Corals and invertebratessaw significant growth during the period. Although the Marshall Islands is not a party to Convention on International Trade in Endangered Species (CITES), the Division issues certificates of origine and health that allow for these products that meet international standards for sustainability to be exported from the Marshall Islands.

Division staff are engaged in a regional ciguatera fish poisoning monitoring project. As a result of a regional workshop on the issue, it was agreed that MIMRA will conduct an epidemiological survey and the Marshall Islands was named as the regional "Focal point" for the ongoing work in this area.

A highlight of MIMRA's program is its long-standing partnership with the Japan Overseas Fisheries Cooperation Foundation (OFCF) which began in 1992.

Each year, during the annual OFCF Japan/Pacific Island Nations Fisheries Directors Meeting on Fisheries Cooperation, OFCF receives project requests from each country. After conducting field surveys and consultation with each government, the scope of theh projects are developed and are followed by the signing of an agreement governing implementation.

Projects implementated during this period included repair and restoration of outboard motoes of MIMRA community fishing boats; repair and restoration of MIMRA transport boats; repair and restoration of MIMRA ice plant and KAFMC ice plant; and technical guidance for fishing boat operators.

New requests for OFCF assistance include: Repair and restoration for fish processing at OIFMC, repair and restoration of MIMRA transport boats, repair and restoration of OIFMC solar power system, repair and restoration of MIMRA and KAFMC ice plants and advice for stable operation of MIMRA transport boats, ice plants and fishing boats.

FUTURE DIRECTION

Looking to the future for the coastal Fishery, MIMRA has budgeted rehabilitation work for the 11 fish bases in the outer islands for next fiscal year.

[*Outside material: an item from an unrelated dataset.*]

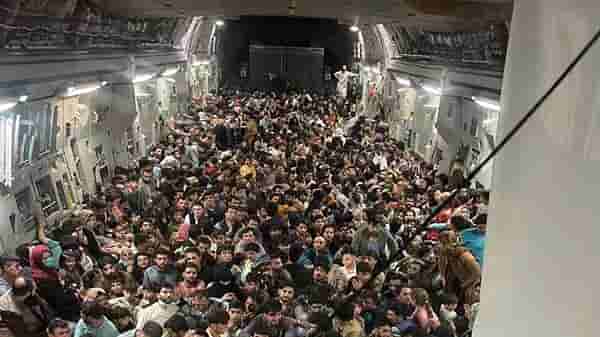 Afghanistan Crisis : अमेरिकेने आतापर्यंत 88 हजार लोकांना काबुलमधून बाहेर काढलं, 31 ऑगस्टपर्यंतचा प्लॅन काय?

This will address the pressing need to maintain and upgrade these important assets for the coastal fishery.

In acticipation of the World Bank technical assistance project, outer island work will increase through the Reimaanlok National Conservation Area Plan, as well as identifying additional sustainable projects for community engagement and ownership. The aim is to explore and expand aquaculture, fishing and cross-sector development projects with CMAC partnership.

The Coastal Division will continue and expand baseline reef and fisheries surveys for outer islands including partnerships with the Secretariat of the Pacific Community and others to develop and implement study methodologies.

MIMRA's new headquarters now in the planning stage will, once constructed, provide an improved environment to support MIMRA division, including Coastal and Oceanic.

It will include an operations room for monitoring, compliance and surveillance work, and a laboratory for scientific analysis on the various marine studies in which MIMRA staff are engaged.